A city transportation planner and a consultant provided a Transportation Master Plan introduction at a July 21 Kent City Council workshop. Staff plans to return to the council with a draft report and then seek public input.
“The plan is to better serve current and future needs of the city over the next 20 years,” Council President Toni Troutner said in a summary of the workshop. “It’s an important list that takes a lot of time.”
Staff compiled a list of 34 project corridors (from nearly 500 project ideas) that ranked the highest, based in part on how 20 performance metrics were met to achieve five primary master plan goals approved by the council:
Connectivity and options: Expand and strengthen walking, biking and transit to increase options for those who have fewest opportunities.
Safety and health: Improve safety by making walking, biking and getting to transit viable and comfortable alternatives to driving.
Placemaking: Investments that emphasize Kent as a welcoming place and enhance the character of the community.
Strategy: Pursue grants, partnerships and technologies to maximize resources and find new efficiencies.
Stewardship: Maintain and improve what we have, and focus new investments on projects that have long term community and economic benefits.
The council approved a $314,580 Phase 3 consultant contract last year with California-based Fehr & Peers to help develop a project list and finish the plan by the end of 2020.
Emily Alice Gerhart, of Fehr & Peers, said they looked at underserved communities, walking, biking and transit to help rank projects.
“We considered race and equity, demographic data, where people live and the challenges for mobility and access,” said Gerhart, who added that bicycle/pedestrian projects received higher scores as well as projects that address underserved populations.
“We had one-on-one outreach to 15 low-income house complexes, and 15 Black-owned businesses, organizations and places of worship,” she said about efforts to get input from the diverse community about which improvements could help them.
How to pay for the projects will be another challenge for the city.
The city uses revenue from the state gas tax, utility taxes, transportation impact fees (on developers), local improvement districts, the B&O tax and state grants to pay for streets.
But funding for transportation is not keeping pace in terms of maintenance, said consultant Kendra Breiland, of Fehr & Peers. She said there is $13 million in unfunded needs, including sidewalks, and a $284 million backlog in maintenance to keep the system operating well.
Breiland said a number of the current funding sources are declining in revenue and that the city needs to look at new funding sources for the next 20 years. She said those options include a property tax increase (which voters would need to approve) to raise about $95 million from 2020 to 2040, a transportation benefit district (car tab fee) to raise $91 million, and a real estate excise tax to raise $83 million. The city also could raise its transporation impact fees.
Councilmember Bill Boyce said a transportation impact fee hike looks like the only option he would consider. That fee brings in about $1 million annually.

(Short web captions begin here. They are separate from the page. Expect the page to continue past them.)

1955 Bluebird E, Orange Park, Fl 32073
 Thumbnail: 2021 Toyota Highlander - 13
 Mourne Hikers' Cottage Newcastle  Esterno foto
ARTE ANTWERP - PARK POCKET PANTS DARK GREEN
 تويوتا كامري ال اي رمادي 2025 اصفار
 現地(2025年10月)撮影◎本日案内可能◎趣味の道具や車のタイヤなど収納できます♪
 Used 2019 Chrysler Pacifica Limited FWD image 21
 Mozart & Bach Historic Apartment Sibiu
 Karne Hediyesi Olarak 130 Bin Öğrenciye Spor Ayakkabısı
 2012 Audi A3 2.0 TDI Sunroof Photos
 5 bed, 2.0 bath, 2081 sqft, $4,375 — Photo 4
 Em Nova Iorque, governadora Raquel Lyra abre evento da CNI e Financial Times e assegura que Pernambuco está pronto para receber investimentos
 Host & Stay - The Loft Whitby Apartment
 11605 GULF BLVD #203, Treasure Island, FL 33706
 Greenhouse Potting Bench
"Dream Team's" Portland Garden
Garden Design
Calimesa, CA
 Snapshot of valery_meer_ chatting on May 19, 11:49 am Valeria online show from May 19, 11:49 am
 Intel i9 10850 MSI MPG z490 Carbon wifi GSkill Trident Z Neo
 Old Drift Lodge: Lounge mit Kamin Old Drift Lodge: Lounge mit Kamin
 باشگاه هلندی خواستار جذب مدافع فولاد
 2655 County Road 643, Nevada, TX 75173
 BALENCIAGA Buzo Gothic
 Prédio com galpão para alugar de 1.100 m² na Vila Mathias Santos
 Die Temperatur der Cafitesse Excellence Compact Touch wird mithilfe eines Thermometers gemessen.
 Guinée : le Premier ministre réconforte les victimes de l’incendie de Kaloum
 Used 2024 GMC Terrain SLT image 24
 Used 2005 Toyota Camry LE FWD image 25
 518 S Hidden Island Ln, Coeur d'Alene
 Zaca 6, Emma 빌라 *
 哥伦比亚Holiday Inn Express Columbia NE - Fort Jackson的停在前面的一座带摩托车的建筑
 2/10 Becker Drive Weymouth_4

“A property tax and benefit district are tough targets,” Boyce said.
April Delchamps, senior transportation planner, said current funding is not great for the 20-year plan.
“There are potential options, and the project list would require some,” Delchamps said about additional revenue. “It’s not something we need next year or the year after that, but as the economy improves maybe we can achieve the project list.”
Delchamps said she expects to return to a Sept. 15 council workshop to report about the public feedback about projects and with details for a financial plan to pay for projects.
While many potential projects are on the list, city staff is looking at installing more roundabouts, such as the one under construction at Fourth Avenue South and Willis Street.
Potential roundabout projects to improve safety and ease congestion at intersections include:
• Interstate 5 and South 272nd Street
• Reith Road and South 253rd Street
• Reith Road and Lake Fenwick Road
The most expensive projects would be the grade separation (overpasses) of the railroad tracks and vehicle traffic along South 212th Street at the Union Pacific Railroad crossing and the BNSF Railway tracks; and two similar grade separations on the two railroad crossings along Willis Street. Each grade separation would cost an estimated $40 million to $50 million, according to the consultants. City staff added the projects on a supplementary list that were not part of the top 34 project corridors.
“There are so many projects that cost so much, and there is only so much we can do,” Boyce said in summarizing the 20-year plan. “I like what I see initially, but when we have so much need and all deep needs, it’s hard to figure out what should go first. We will take a closer look.”